L-BFGS

Synopsis

#include <boost/math/optimization/lbfgs.hpp>

namespace boost {
namespace math {
namespace optimization {

namespace rdiff = boost::math::differentiation::reverse_mode;

/**
 *
 * @brief Limited-memory BFGS (L-BFGS) optimizer
 *
 * The `lbfgs` class implements the Limited-memory BFGS optimization algorithm,
 * a quasi-Newton method that approximates the inverse Hessian using a rolling
 * window of the last `m` updates.

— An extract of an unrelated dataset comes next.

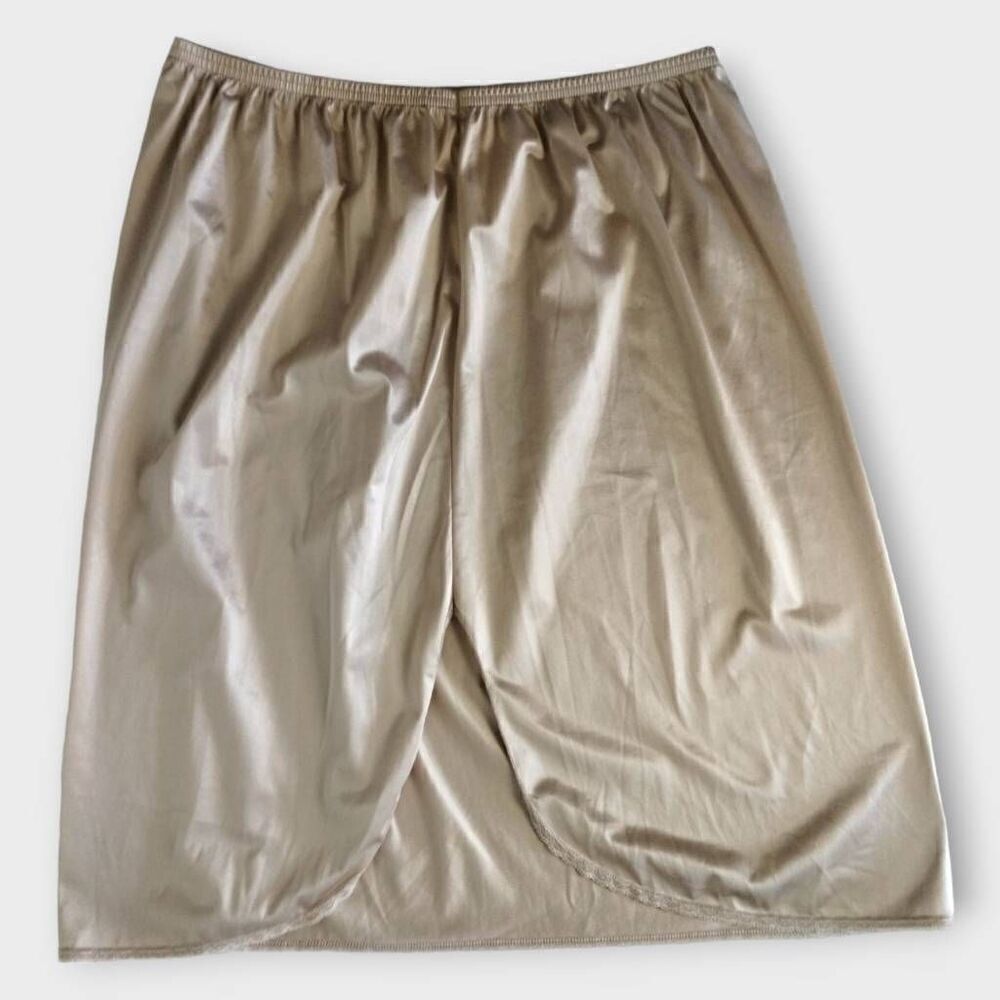 Vtg Vanity‎ Fair Womens Half Slip Sz Large Champagne Beige Nylon Pull On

It is suitable for medium- to large-scale
 * optimization problems where full Hessian storage is infeasible.
 *
 * @tparam> ArgumentContainer: container type for parameters, e.g.
 * std::vector<RealType>
 * @tparam> RealType scalar floating type (e.g. double, float)
 * @tparam> Objective: objective function. must support "f(x)" evaluation
 * @tparam> InitializationPolicy: policy for initializing x
 * @tparam> ObjectiveEvalPolicy: policy for computing the objective value
 * @tparam> GradEvalPolicy: policy for computing gradients
 * @tparam> LineaSearchPolicy: e.g. Armijo, StrongWolfe
 *
 * https://en.wikipedia.org/wiki/Limited-memory_BFGS
 */

template<typename ArgumentContainer,
         typename RealType,
         class Objective,
         class InitializationPolicy,
         class ObjectiveEvalPolicy,
         class GradEvalPolicy,
         class LineSearchPolicy>
class lbfgs
{
public:
  lbfgs(Objective&& objective,
        ArgumentContainer& x,
        size_t m,
        InitializationPolicy&& ip,
        ObjectiveEvalPolicy&& oep,
        GradEvalPolicy&& gep,
        lbfgs_update_policy<RealType>&& up,
        LineSearchPolicy&& lsp);

  void step();
};

/* Convenience overloads */
/* create l-bfgs optimizer with
 * objective function
 * argument container
 * optional
 * - history size : how far to look in the past
 */
template<class Objective, typename ArgumentContainer>
auto make_lbfgs(Objective&& obj, ArgumentContainer& x, std::size_t m = 10);

template<class Objective,
         typename ArgumentContainer,
         class InitializationPolicy>
auto make_lbfgs(Objective&& obj,
           ArgumentContainer& x,
           std::size_t m,
           InitializationPolicy&& ip)

/* construct lbfgs with a custom initialization and line search policy */
template<class Objective,
         typename ArgumentContainer,
         class InitializationPolicy,
         class LineSearchPolicy>
auto make_lbfgs(Objective&& obj,
           ArgumentContainer& x,
           std::size_t m,
           InitializationPolicy&& ip,
           LineSearchPolicy&& lsp);

/* construct lbfgs optimizer with:
 * custom initialization policy
 * function evaluation policy
 * gradient evaluation policy
 * line search policy
 */
template<class Objective,
         typename ArgumentContainer,
         class InitializationPolicy,
         class FunctionEvalPolicy,
         class GradientEvalPolicy,
         class LineSearchPolicy>
auto make_lbfgs(Objective&& obj,
           ArgumentContainer& x,
           std::size_t m,
           InitializationPolicy&& ip,
           FunctionEvalPolicy&& fep,
           GradientEvalPolicy&& gep,
           LineSearchPolicy&& lsp);

} // namespace optimization
} // namespace math
} // namespace boost

LBFGS (limited memory BFGS) is a quasi-Newton optimizer that builds an approximation to the inverse Hessian using only first-order information (function values and gradients). Unlike full BFGS, it does not store or update a dense matrix; instead it maintains a fixed size history of the most recent m correction pairs and computes the search direction using a two loop recursion. In practice, LBFGS often converges in significantly fewer iterations than normal gradient based methods, especially on smooth, ill-conditioned objectives.

Algorithm

At each iteration k, LBFGS: * Evaluates the gradient g_k = grad(f(x_k)). * Computes a quasi-Newton search direction using the last m updates. * Chooses a step length alpha_k using a line search policy. * Updates parameters:

x_k += alpha_k p_k

* Forms the correction pairs:

s_k = x_k - x_prev y_k = g_k - g_prev

and stores up to the last m pairs (s_k, y_k).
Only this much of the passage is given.